Today, 7 years ago, parts of Haiti fell. Certain parts of Port-Au-Prince completely crumbled. Cities far from the epi-center felt the aftershocks and cried out. People ran into the streets and searched for their loved ones. 7 years ago, Haiti encountered this horrific and defining moment in its history.
I wasn't there 7 years ago. Even if I had been there, I am sure my story would be different than many of my friends who were in the middle of the chaos and confusion those years ago. A few months ago, I sat around our lime green table and listened to our friends recount their own stories. Those stories are theirs and I would not cheapen them by telling them from my point of view. There is nothing I could say that could explain that kind of trauma that must have ensued in the minds and hearts of my friends. All I can do is look at them and learn.
Today, as I was texting with one of my friends in Haiti, he wrote that I had "anpil kouraj"- a lot of courage- because of the things going on in my life. What an ironic thing to hear as an American from a Haitian today! Yet, I begrudgingly accepted the encouragement. I know it's a little true.

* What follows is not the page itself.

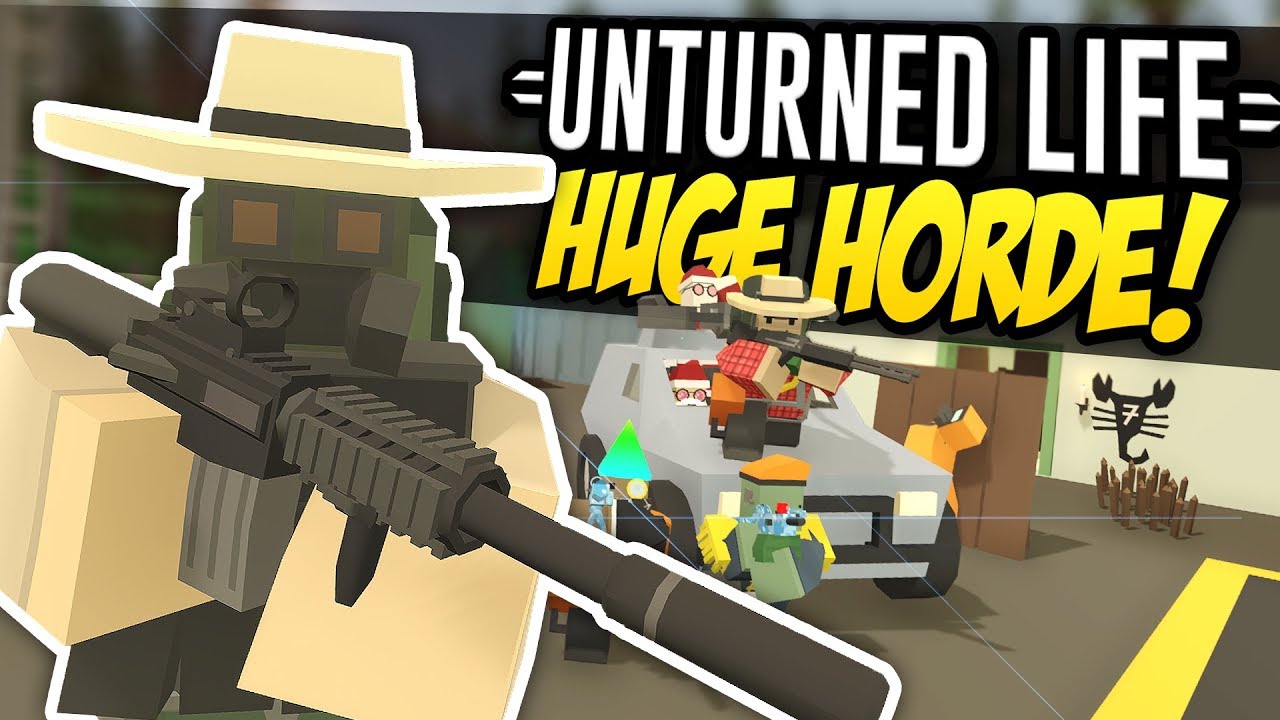 HUGE HORDE - Unturned Life Roleplay #318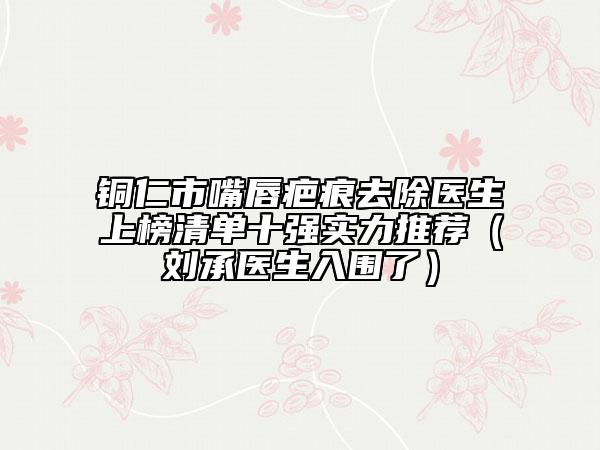 铜仁市嘴唇疤痕去除医生上榜清单十强实力推荐（刘承医生入围了）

Being back in the US for 6 months has made me see the type of impact Haiti has had on my life. And, it has done nothing if it has not made me a braver, more warrior-esque version of myself. They are all walking displays of what it means to have this kouraj- through endurance and faith.
Sometimes when things happen outside of our bubble, we convince ourselves that it is not effecting the folks we see on the television in the same way it would effect us. If it did, we would be driven crazy with empathy. One of the first lessons I learned in Haiti was that these people were just like me- they had dreams for their babies; they had ideas and creative juices flowing throughout their systems; they had family dramas and issues; they wanted to get married or have kids or build a house. They felt the same as me. This was a breaking point for me: I could either go home and just ignore it (which was very tempting) or I could lean in and see what I could learn. Somehow, I ended up mostly leaning in and learning.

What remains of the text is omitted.